Available data ::

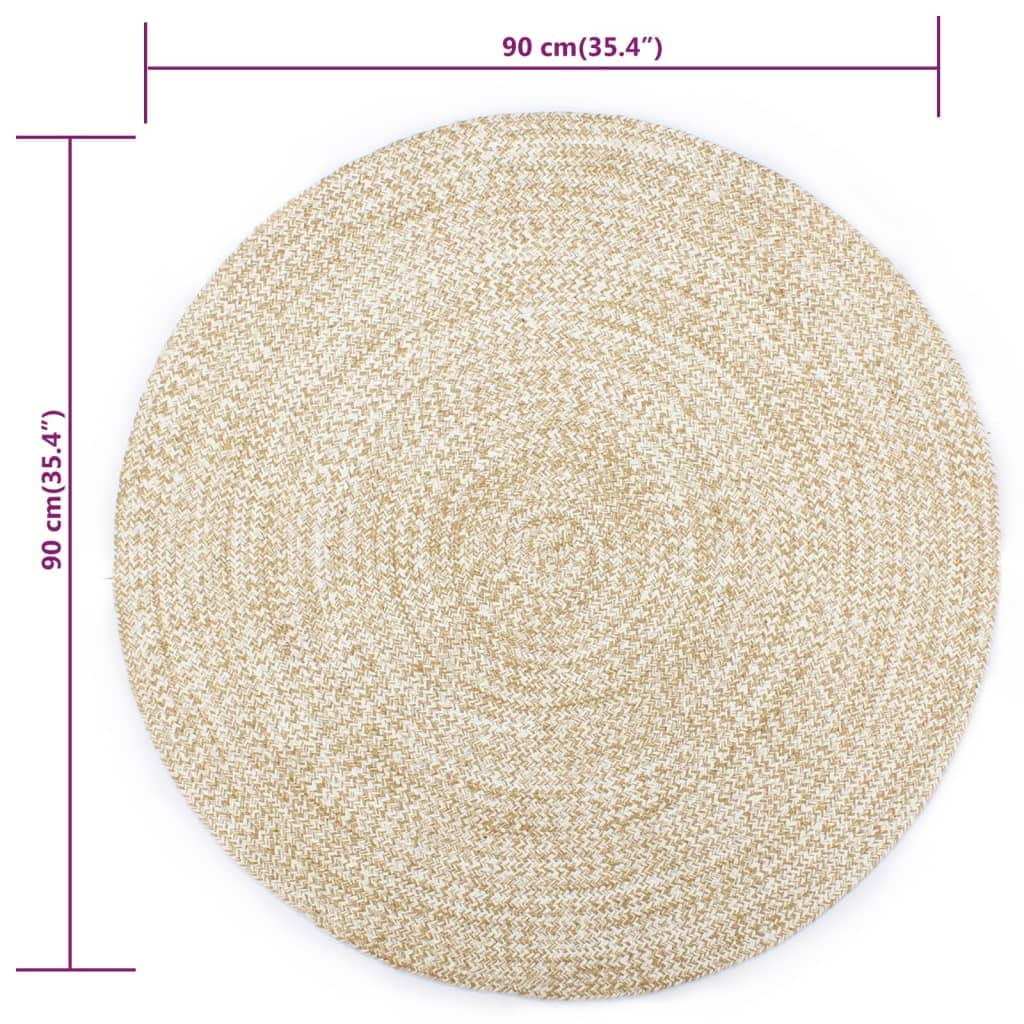 Tapis en jute tissé à la main en jute et coton naturel 90 cm - Tapis tressé pour votre intérieur, doux et durable
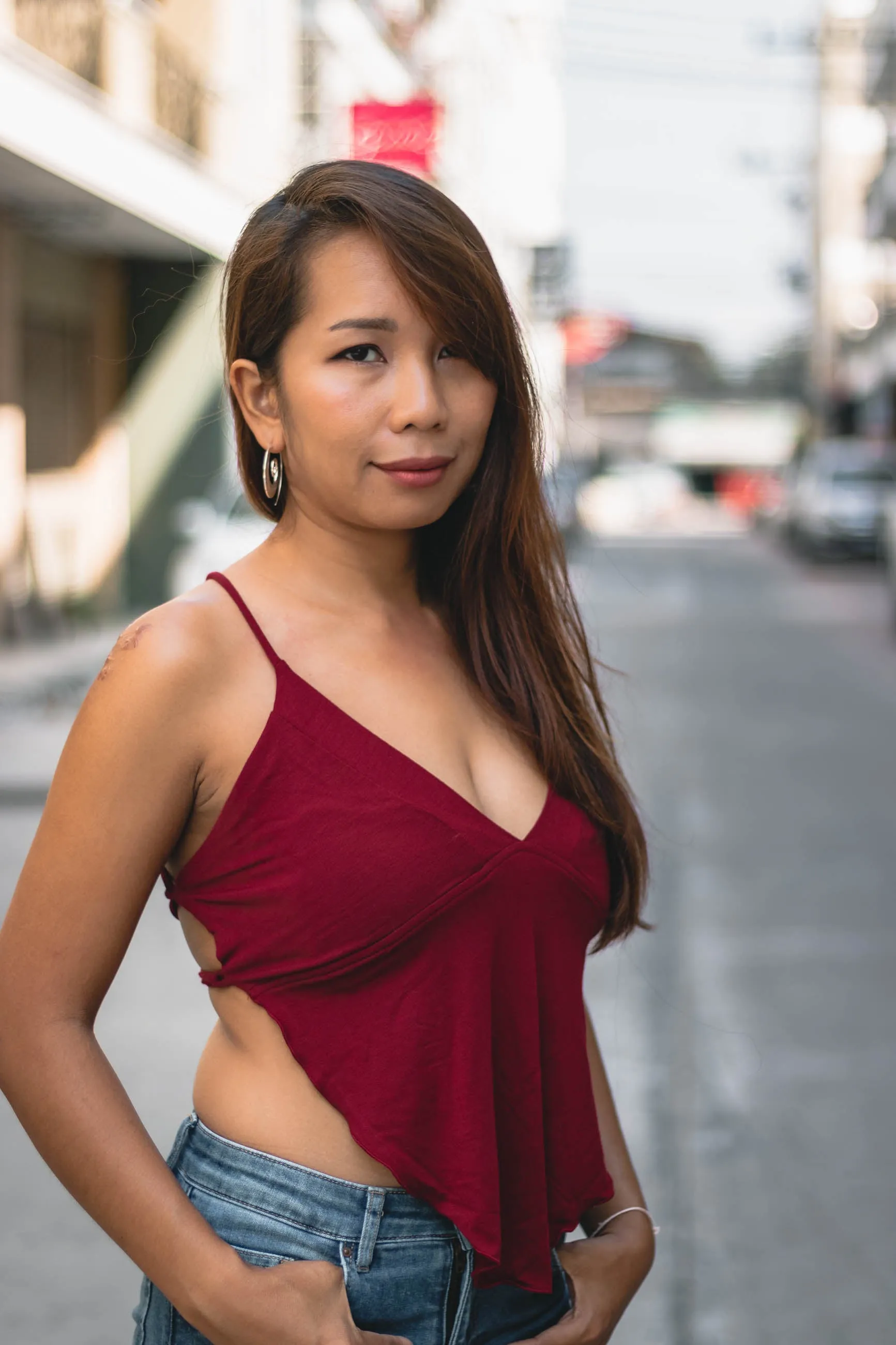 Triangle Crop Top Cami Red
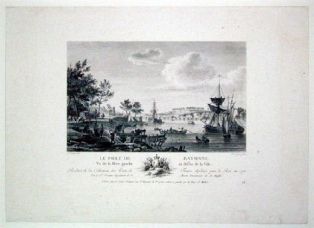 Le port de Bayonne vu de la rive gauche au defsus de la Ville
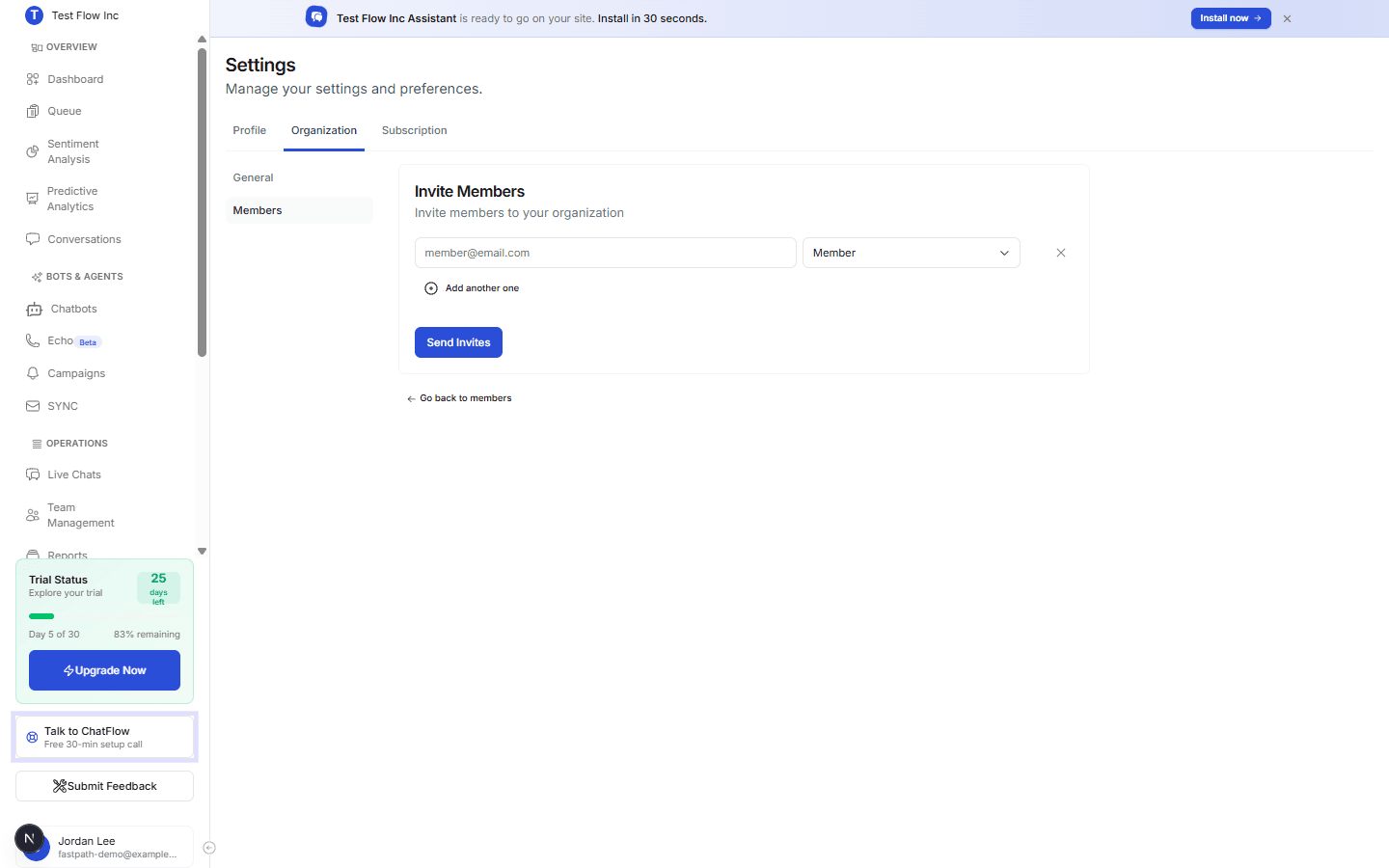 The Invite Members form with an email field, a role dropdown, an Add another one link, and a Send Invites button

Description of the task ::
Please return the full listing exactly as given, with the images left out.

Completed task ::
 Tapis en jute tissé à la main en jute et coton naturel 90 cm - Tapis tressé pour votre intérieur, doux et durable
 Triangle Crop Top Cami Red
 Le port de Bayonne vu de la rive gauche au defsus de la Ville
 The Invite Members form with an email field, a role dropdown, an Add another one link, and a Send Invites button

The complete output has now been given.